# Pigeon and Cat



## Jivu (Feb 1, 2010)

Just thought I'd share a little video of Stuart the Pidge interacting with Dinghy the Cat.  I've had both since they were babies (raised Dinghy from one day old!), and they're great friends. They love to chase each other around the house, and Dinghy's never tried to hurt her once (of course, they are still never unsupervised together).
So here's a little sparring match over temporary ownership of the couch!

http://www.youtube.com/watch?v=ia0G_aGaQH8


----------



## sreeshs (Aug 16, 2009)

ha ha ha, that was cool  goes into my fav videos


----------



## pdpbison (Mar 15, 2005)

That is a good chuckle...

Pigeon was going pretty easy on the Cat too...both very light and playing...


----------



## Jivu (Feb 1, 2010)

Yep- they're surprisingly very fair with each other. Though, yesterday, Dinghy was growing a bit tired of playing, and Stuart more boisterous, so Dinghy finally just sat on her. When Stuart managed to get out of that, she gave her a good wing slap to the face and marched off indignantly. And then they started playing again a few minutes later, so I guess there were no hard feelings, ha. But they are a never-ending source of amusement


----------



## Garye (Feb 20, 2005)

That pigeon can hold its own! Did you see how it chased that cat away! Woooo... now who's the fraidy cat?!


----------



## Cyreen (Jun 6, 2010)

Very cute! I have a similar pair in my house, Ollie and Darby, who play tail tag on the couch; bird stalking cat. Oddly, my kitty's a calico too (a 14-year-old longhair)!


----------



## yearsexperience (Nov 21, 2009)

hahahaha  very cool, Pigeon took the victory


----------



## Jivu (Feb 1, 2010)

http://www.youtube.com/watch?v=qZL1eiXh89s

Just thought I'd toss this here for the Pigeon-folk 
Got loads of shots of them playing in slow motion-- set to epic music makes it even better.
Stuart shows who really rules the roost towards the end.
ANYWAY.


----------



## Garye (Feb 20, 2005)

I always hope Stuart wins. They seem to like to play with each other. As long as it's safe.


----------



## Cyreen (Jun 6, 2010)

That's a kitty who's enjoying the chase, Dinghy is very careful with his paws.

Good kitty!


----------



## mr squeaks (Apr 14, 2005)

How neat! Loved the slow mo!! Stuart has the uppper - er - wing, as he can fly...beats Dinghy's leaps!

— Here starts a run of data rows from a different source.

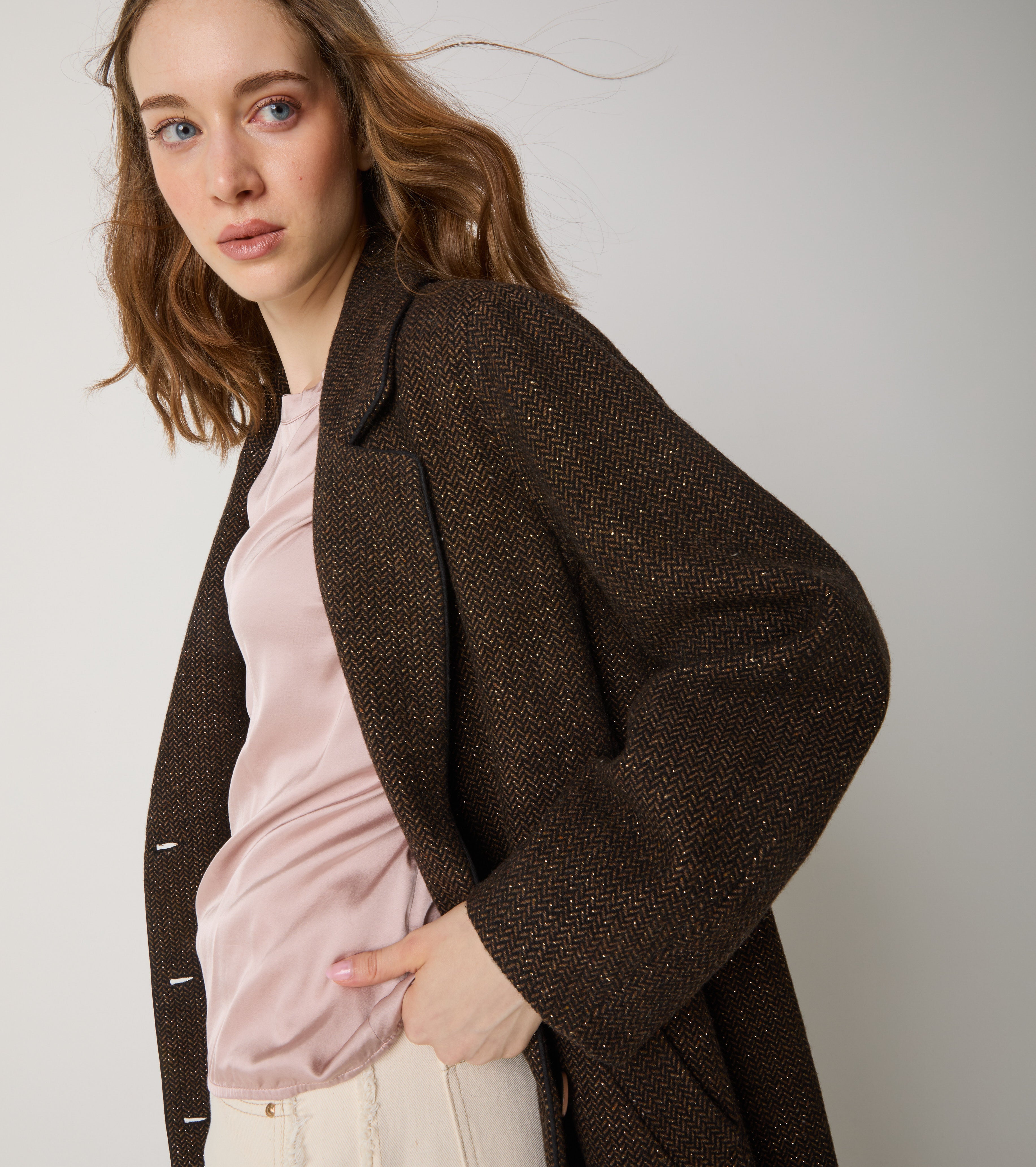 Wool coat with lapels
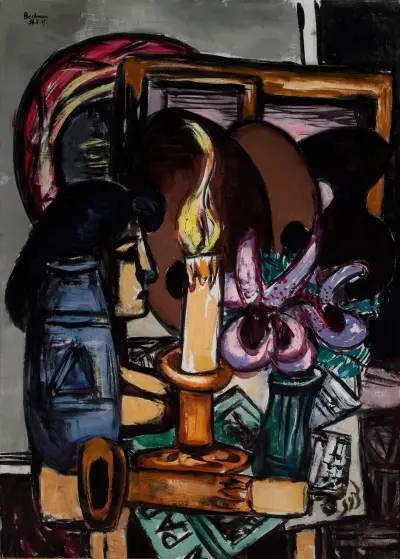 Still Life with Two Large Candles av Max Beckmann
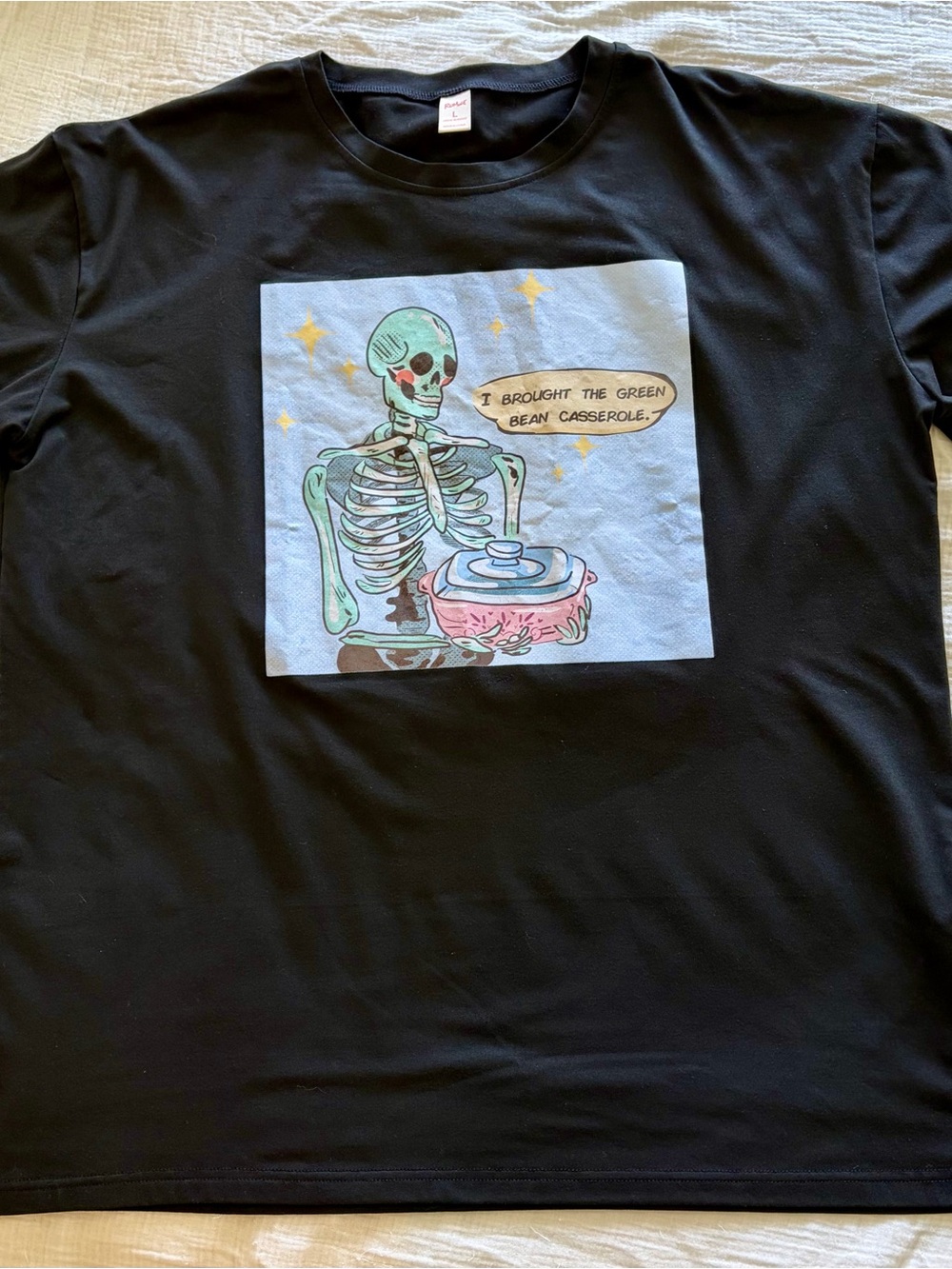 ROMWE Black Tee with Pastel Skeleton Graphic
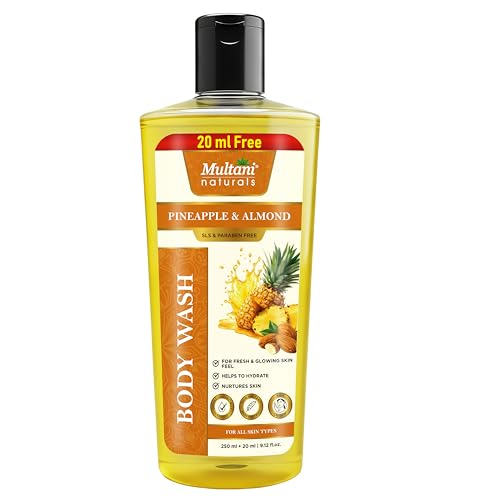 Image of Multani Naturals Pineapple & Almond Body Wash | Refreshing Herbal Body Cleanser for Men & Women | Nourishing, Paraben & Sulphate Free | Suitable for All Skin Types (270ml)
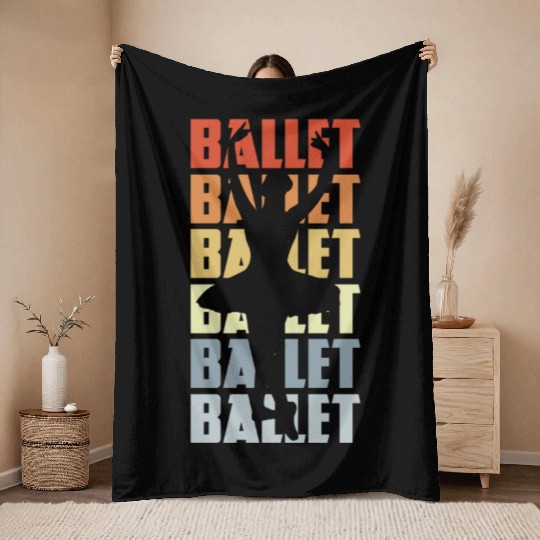 Vintage Ballet Throw Blankets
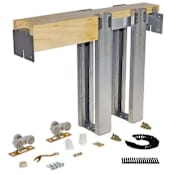 Johnson Hardware 1500 Series Pocket Door System Frame Kit for 30" x 96" Doors with Steel Studs and 2" x 4" Stud Walls Steel / Aluminum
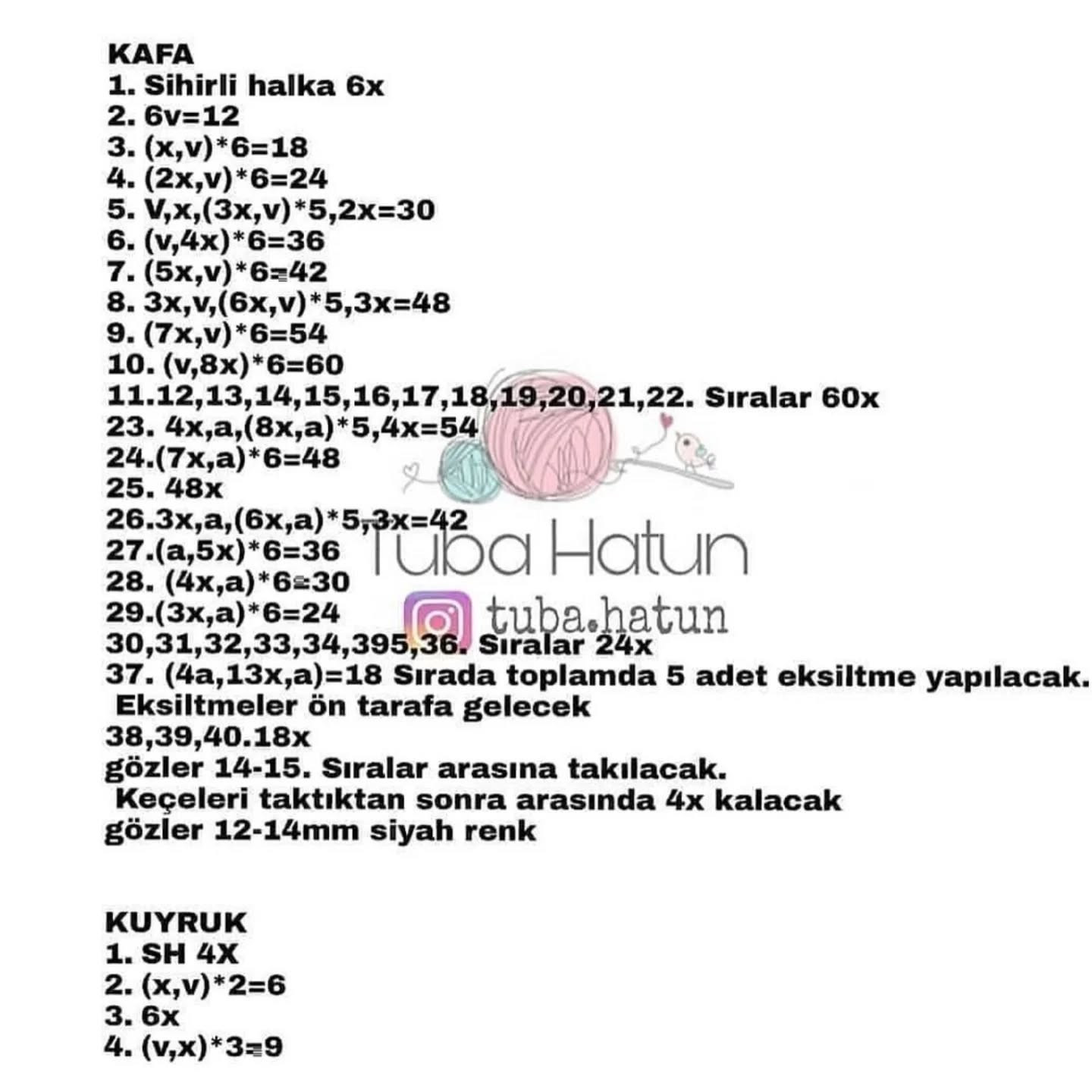 Ücretsiz Kaplumbağa Amigurumi Şeması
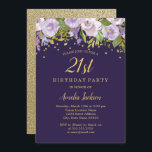 Éperche Floral Purple Gold 21e Invitation d'annive<br><div class="desc">Invitations d'anniversaire florales plus élégantes dans le Little Bayleigh Store!</div>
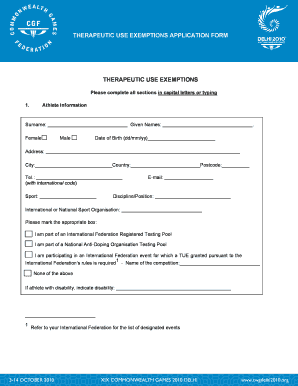 Therapeutic Use Exemption Application Form
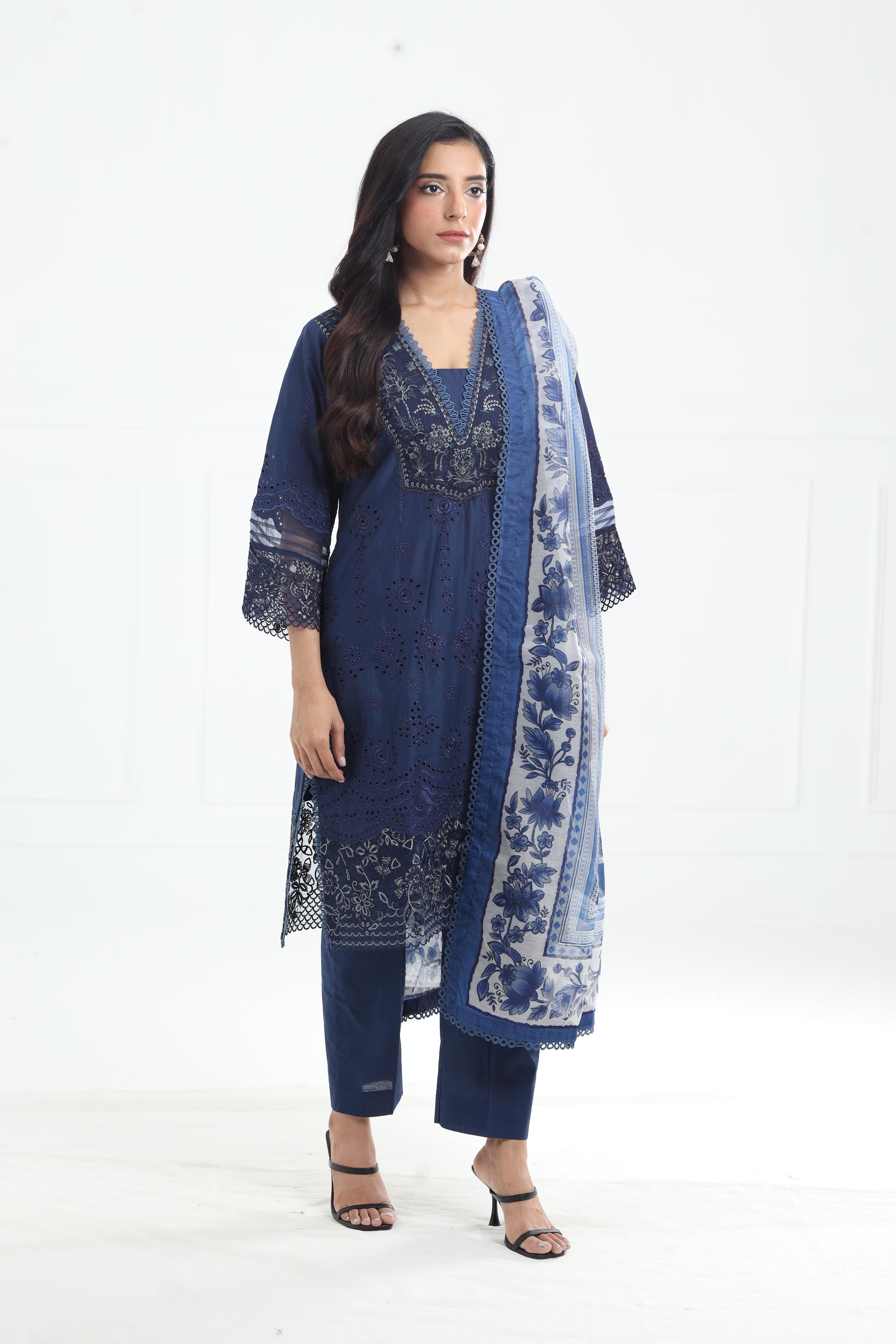 Brira Xenia Printkari Stitched Cotton Dress - Elegant Floral Embroidered Maxi Dress for Women | Perfect for Summer Parties, Beach Vacations & Boho Fashion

Does the dog ever get into the action? Looks like he's more of a spectator!

I have seen my black cat, Twiggy, deliberately provoke MR. Squeaks into chasing her into the bedroom. She will jump on the bed while he yells at her from the floor, since he can't fly due to half a wing amputation. Twiggy looks down and smirks until she decides to jump down and the chase is back on! 

Yep, few dull moments with fur 'n feathers around!!

Many thanks for posting, Jivu!!

Love and Hugs

Shi/MR. Squeaks/Twiggy


----------



## Jivu (Feb 1, 2010)

Stuart nearly always wins out. If Dinghy ever gets too boisterous--she treats Stuart more like a cat than a bird-- is the time that Lennie (the dog) will intervene. He's very good about making sure that everyone plays nice


----------